The dream to create a whiskey started before Weaver, along with his brother, Kameron, and wife, Michelle, even secured a distillery license, but as soon as that was in hand in 2017, they made their first batch, knowing it would take two years to mature. There's even a whiskey countdown clock in the tasting room, which will turn into a bourbon countdown clock after the first batch, a four-grain whiskey, gets released at noon on Sunday. There are 700 bottles available for sale only at the distillery for $65 each, with a two bottle limit. The first 100 people to purchase one will also receive a specially designed canvas and leather bag by Clever Luck (a nearby clothing and accessories shop) in which to tote their whiskey (or any of the distillery's other square-shaped bottles).
"We aren't after volume; we're after a high-flavored whiskey," says Weaver. "Everything we do is about producing good flavor."
The new whiskey is somewhat sweet, with a full mouthfeel and notes of vanilla and tea. The labor of nerdy love began with lots of research into what the brothers wanted in a whiskey, reading old recipes, blind-tasting white whiskeys against their own un-aged version, sampling single-grain spirits and filling notebook after notebook with information. In the end they decided to do a four-grain mash of oats, rye, malted barley and red and white wheat that was open-fermented for six days before being distilled and then put in barrels.
Each batch gets aged in a new American Oak barrels with a number-three char on the staves and a medium wine toast on the head and bottom (something not typical of American whiskey). Rather than using standard whiskey barrels, the brothers selected vessels from a company that specialized in wine barrels. Weaver says the standard for wine barrels are more stringent, and each barrel gets air seasoned for three years before the whiskey goes in.
The Block's grains also have an interesting origin. Weaver says that he initially used grains that were all grown in Colorado and milled in-house. While the latter remains true, 70 percent of the grains are now grown just for the distillery on a plot of land in Missouri owned by one of the Block's investors.

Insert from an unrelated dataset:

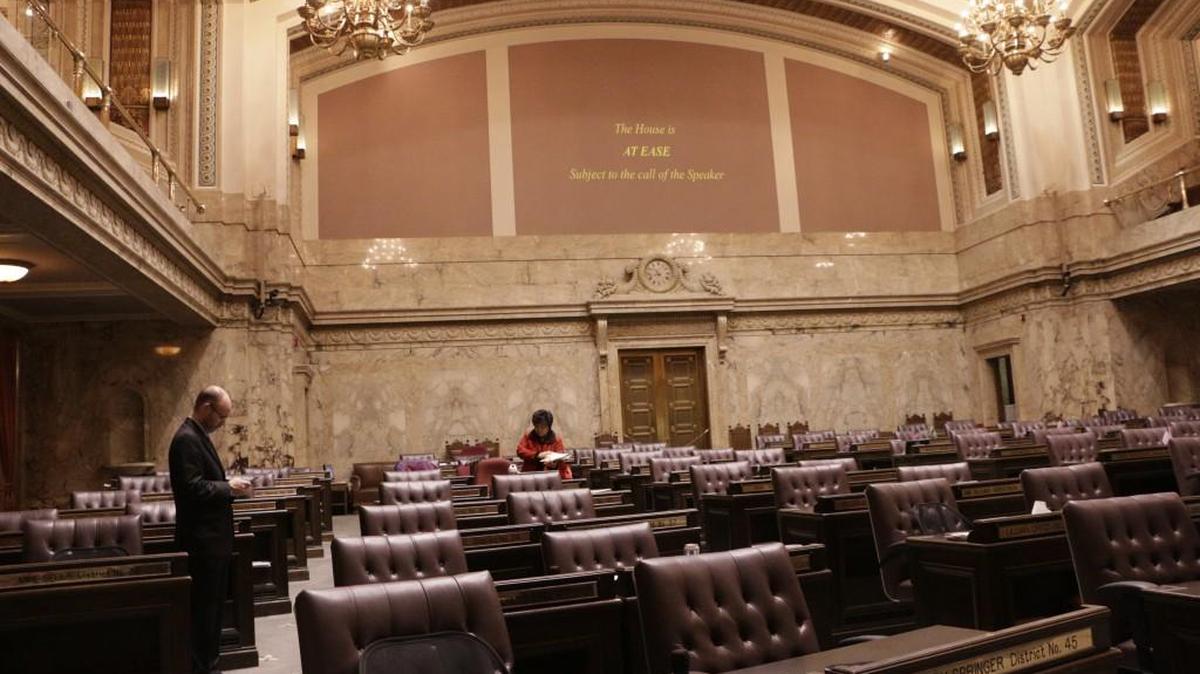 The House chamber is seen mostly empty just before lawmakers officially adjourn a special legislative session March 29 in Olympia. Lawmakers prepared to conclude the 20-day overtime session after completing their work on a supplemental budget.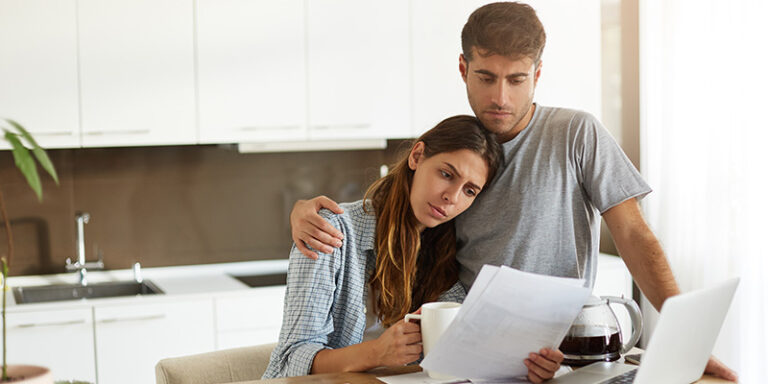 worried young couple reading bankruptcy paperwork for asset protection during Chapter 7, Chapter 13 bankruptcy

"Going to the farm and seeing our rye come up is so exciting, and it's our rye, no one else's," says Weaver, adding that he had a say in the starter seed, the fertilizer and how the grain was grown. "It's a rare opportunity for this size of distillery, and it's something unique that no one can replicate."
As those grains grew, Weaver was also growing the production capacity at the distillery by six times its original output. A few months ago, the brothers leased the space next door and added two stills purchased from a defunct distillery in North Carolina (driving the stills back to Colorado in the midst of the October snowstorm), along with other equipment needed to increase production.
Head to the distillery this Sunday from noon to 10 p.m. to sample the new whiskey, which will be available in the tasting room and for sale in bottles until supplies run out. And if you miss it, Weaver says batch number two is slated for a March 2020 release. And since whiskey has been a regular part of production for the past two years, it will be a staple in the Block Distilling profile after that.